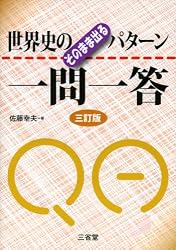 世界史のそのまま出るパターン一問一答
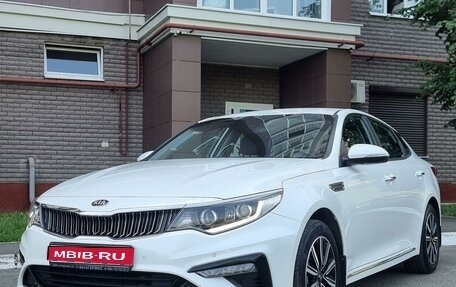 KIA Optima IV, 2018 год, 2 050 000 рублей, 1 фотография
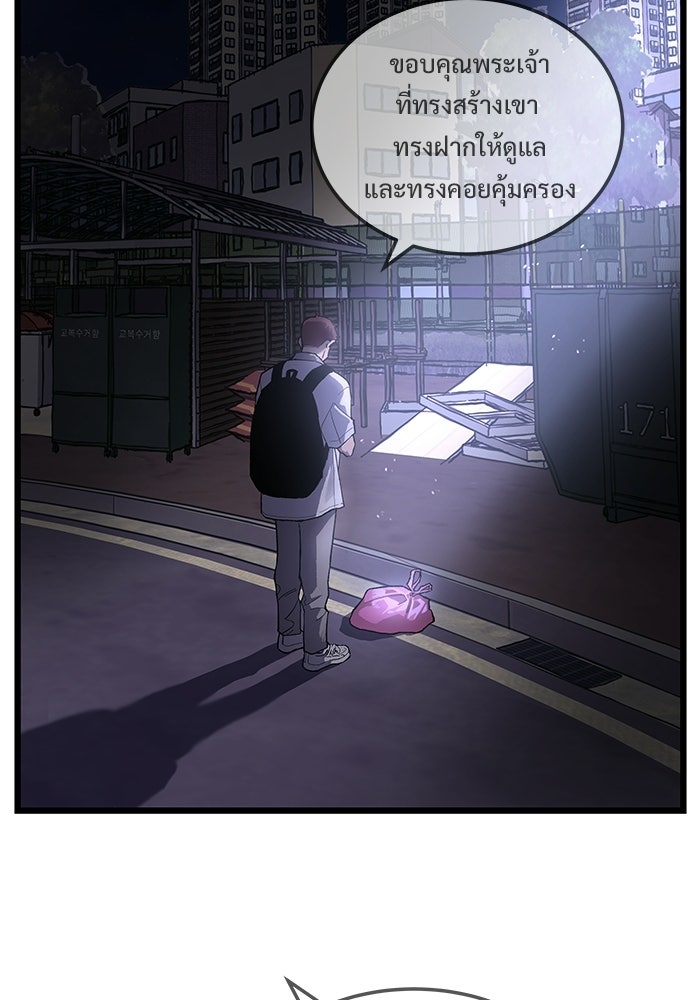 เกมอัปยศ - หน้า 76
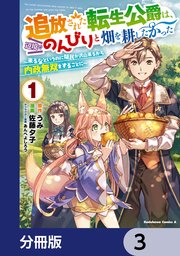 追放された転生公爵は、辺境でのんびりと畑を耕したかった ～来るなというのに領民が沢山来るから内政無双をすることに～【分冊版】 3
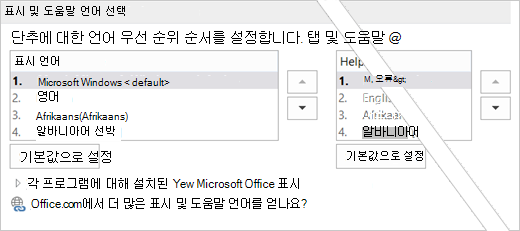 Office 2016 언어 기본 설정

EXERCISE GOAL = From the line containing "เกมอัปยศ - หน้า 76" through the last line of the entries, both included, print each line exactly and omit any picture.

EXERCISE SOLUTION =
 เกมอัปยศ - หน้า 76
 追放された転生公爵は、辺境でのんびりと畑を耕したかった ～来るなというのに領民が沢山来るから内政無双をすることに～【分冊版】 3
 Office 2016 언어 기본 설정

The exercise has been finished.